One theory, which is accepted among some researchers, is that of deception in a variety of forms. In modern times, certain vessels classed as ghost ships may be the result of promoters attempting to gain attraction from tourism in areas of mention. Likewise, during pirate days, mentioning the location of a promising wreck while having a few at the pub is possibly one way to misdirect competition into looking elsewhere, far away from your own intended search area. Add salting to the plan and the distraction may work for a longer period of time while building some credibility among pirates and pillagers. Similar to intentionally marking lagan falsely for later reclamation, the concept of salting is borrowed from dubious gem mining operations; whereby prospectors were sometimes deceived of prosperity by crafty fellow who plant gemstones on a plot in order to sell the supposed claim or rights. It's not too unreasonable to expect the same sort of practice to take place among sea treasure hunters. Throwing a modestly filled chest overboard, may be enough to keep a salvage operation focused on that area for some time.
Aside from the possibility of ghost wrecks as the result of devious treasure hunter shenanigans, there are some points which suggest a level of legitimacy may exist under certain accounts. One of these concepts considers a possible existence of ships repaired or built from miscellaneous wreckage parts at which point the resulting vessel becomes nearly unrecognizable. At the time pirates ran rampant in the Caribbean, everything and anything useful that could be salvaged from sunken boats found new uses. For the matter of survival, this included at minimum to be the ship's cache, supplies, swords, manifests, rope, sails, and possibly unspoiled food. It is common to find pirate wrecks which show significant signs of modifications, bolstered with added cannons, and outfitted for tactical missions. An unrecognizable vessel may then become a figment of historical record with ties to legend and myth of a lost crew.
Another concept examines the idea of ghost ships from a different perspective altogether. Given the value of wealth transported between the continents, extreme measures were necessary to ensure successful delivery of goods. To keep those transports below medieval pirate radar, there exists a possibility of completely private, undocumented fleets kept secretive by design under order of the crown. In times during civil conflict and attacks on royal thrones, deceptive tactics may have been employed to protect assets coming into the country. Along with this, there is a distinct possibility ship records may have been lost, stolen, or burned during disputes and the transitioning of power over kingdom rule. We understand a great deal of knowledge was lost in this manor throughout the ages, and with a significant amount of wealth at stake, this concept does remain plausible; with those undocumented and secret transport ships eventually becoming part of a lost history.

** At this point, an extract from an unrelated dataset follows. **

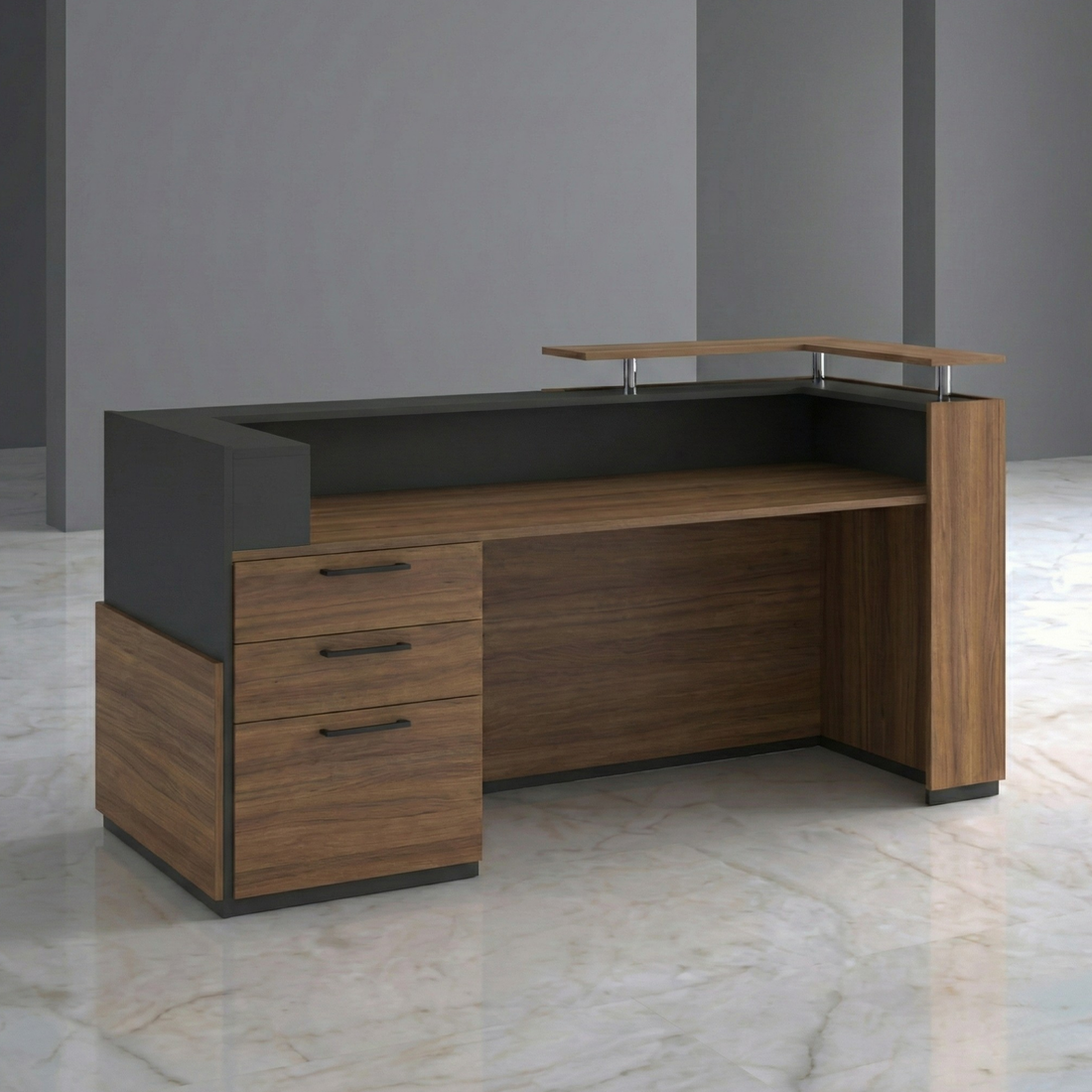 अपना तरीका अनुकूलित करें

Ghost ships are also sometimes referred to as vessels that leave port never to be seen again, leaving little trace in their wake with hardly any evidence to discover where they might have disappeared to. Theories attempting to explain vanished ships involve those commonly attributed to wreck disasters such as bad weather, captain error, a marine heist, or damage to the boat that causes it to take on water. Sometimes the disappearance is so bizarre that rumors spread with the notion of other-worldly phenomena to blame. Without clues to follow it becomes anyone's guess as to what exactly happened during those last few moments, leaving nothing more than a perplexing mystery for future underwater explorers to attempt explaining.